Matzneff, de 87 anos, não escondeu a sua preferência por sexo com adolescentes menores de idade.
Desde 2021, porém, o sexo com menores de 15 anos é considerado violação, a menos que haja uma pequena diferença de idade entre ambos os parceiros.
Nas redes sociais, Godrèche disse que identificava Jacquot "em homenagem às nossas filhas... aqueles de vocês que me escrevem a contar que a [minha] história, que foi 'romantizada' na imprensa da época, vos levou a ficarem encurraladas por um adulto que abusou do seu poder".
"O nome dele é Benoit Jacquot. Ele ainda manipula aquelas que poderiam associar o seu nome ao meu. Falem", disse.
Anne-Cecile Mailfert, presidente da Fundação das Mulheres, foi uma das feministas que a elogiaram por ser corajosa.
“Contribui para a transformação de uma sociedade que já não é tão tolerante como era relativamente a estes temas e está a abrir os olhos para o facto de que não, a arte não desculpa tudo”, afirmou.
“Isso mostra que o #MeToo é uma revolução fundamental e profunda, e que ainda não terminámos de ver as suas réplicas”, notou.
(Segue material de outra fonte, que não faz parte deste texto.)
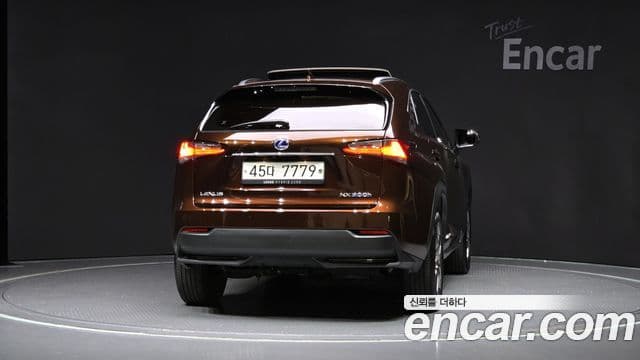 Lexus NX300h Supreme, 2017 4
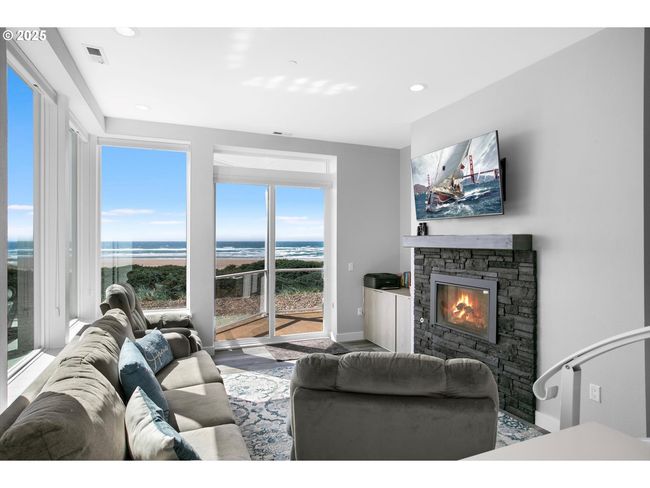 5852 Sw Cupola Dr, Condo with 2 bedrooms, 2 bathrooms and 1 parking in South Beach OR | Image 9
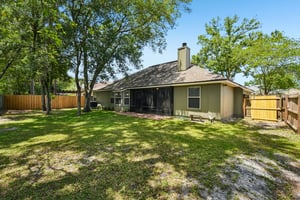 Maplewood Dr-S0705-045.jpg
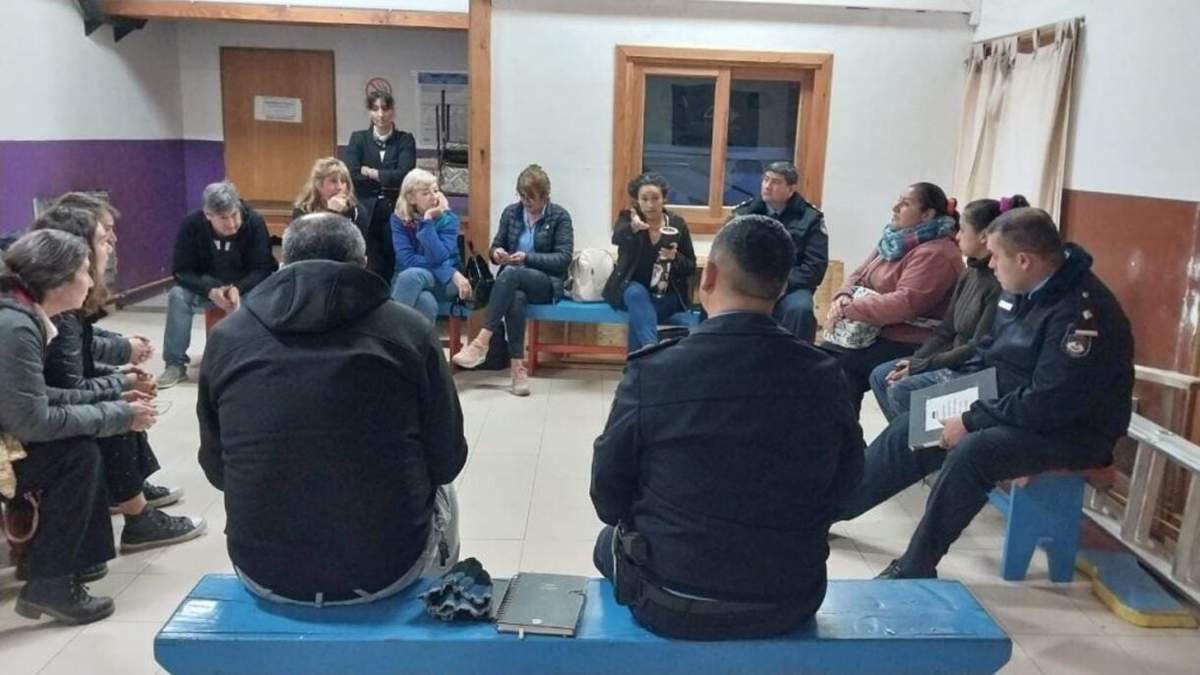 Reunión de vecinos con autoridades de seguridad en San Martín de los Andes. Fuente: (La Montaña)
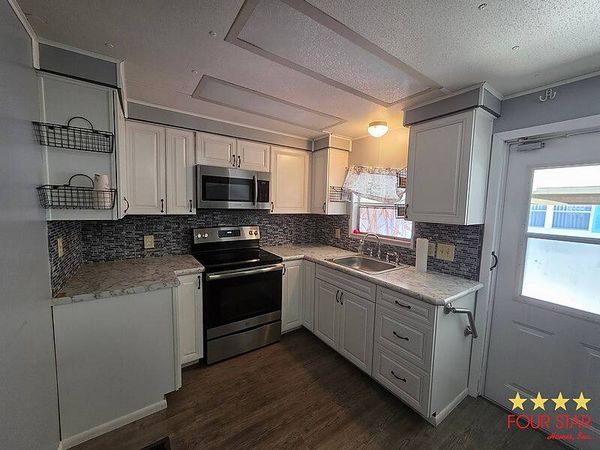 189 S Tara Dr, Tavares FL 32778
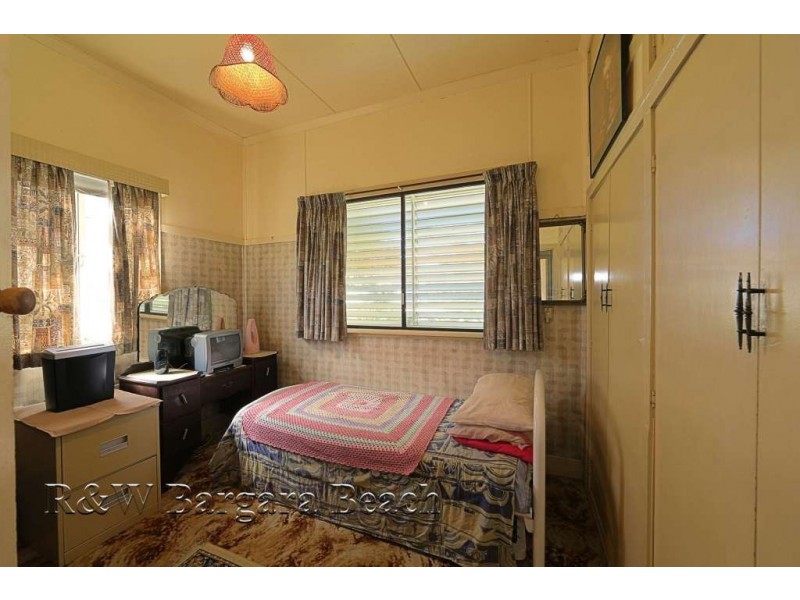 17 Steffensen St, Svensson Heights QLD 4670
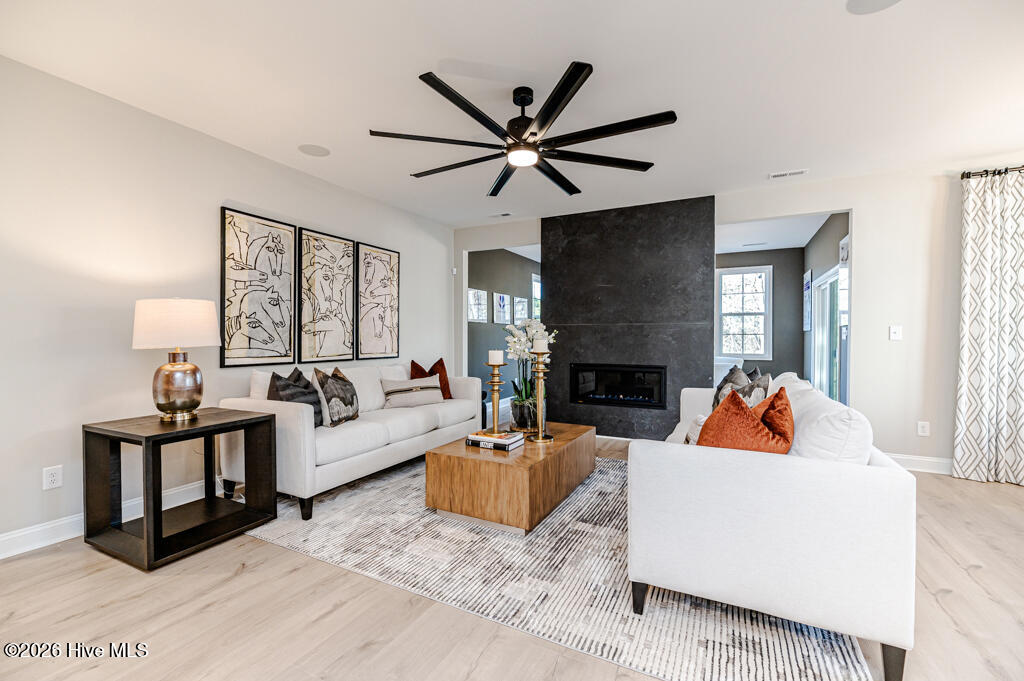 100538583 | Photo 14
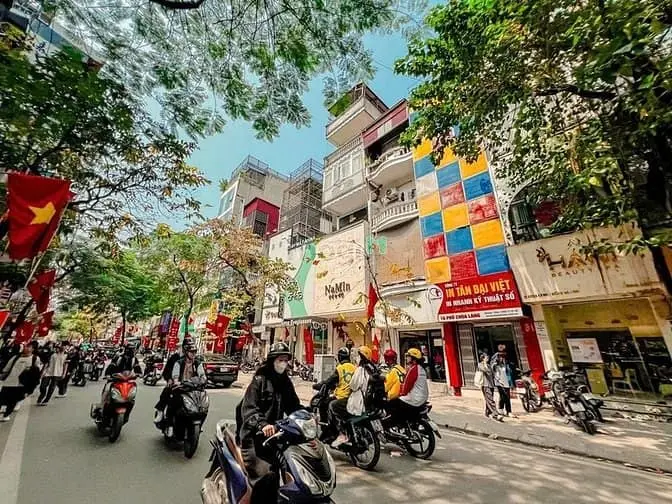 Cực Hiếm| Mặt Phố Chùa Láng | 30M2 X 4 Tầng | Mt 3.3M | Giá 22.5 Tỷ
Na terça-feira, o diretor de teatro Philippe Caubere, de 73 anos, disse que se arrependia de um relacionamento que teve com uma jovem de 16 anos quando tinha 61, após ela apresentar queixa contra ele.
"Momento de parar"
No seu último trabalho, uma minissérie satírica lançada em dezembro, Judith Godrèche alude a um relacionamento problemático na adolescência, mas não identifica o nome de Jacquot.
Em "Ícone do Cinema Francês" (tradução literal), que escreveu e dirigiu, ela interpreta o seu alter ego a tentar regressar ao cinema francês, com 'flashbacks' da sua experiência como jovem atriz com um realizador chamado "Eric".
Alma Struve, de 15 anos, interpreta a adolescente Godrèche, que numa cena consome muito álcool num jantar formal.
Noutro momento, mostra a sua versão mais jovem a filmar uma cena de topless.
“Quando se tem 15 anos e existe uma cena de topless, são 45 tomadas, tem de se beijar um homem de 45 anos e esse homem é o seu realizador, é uma loucura que não existisse nenhum adulto no set para dizer ‘Basta, é o momento para parar'", disse à revista Elle em dezembro.
Para a sua série, ela disse que contratou um coordenador de intimidade e um sósia, e que estava “fora de questão” que a sua atriz menor de idade beijasse um adulto.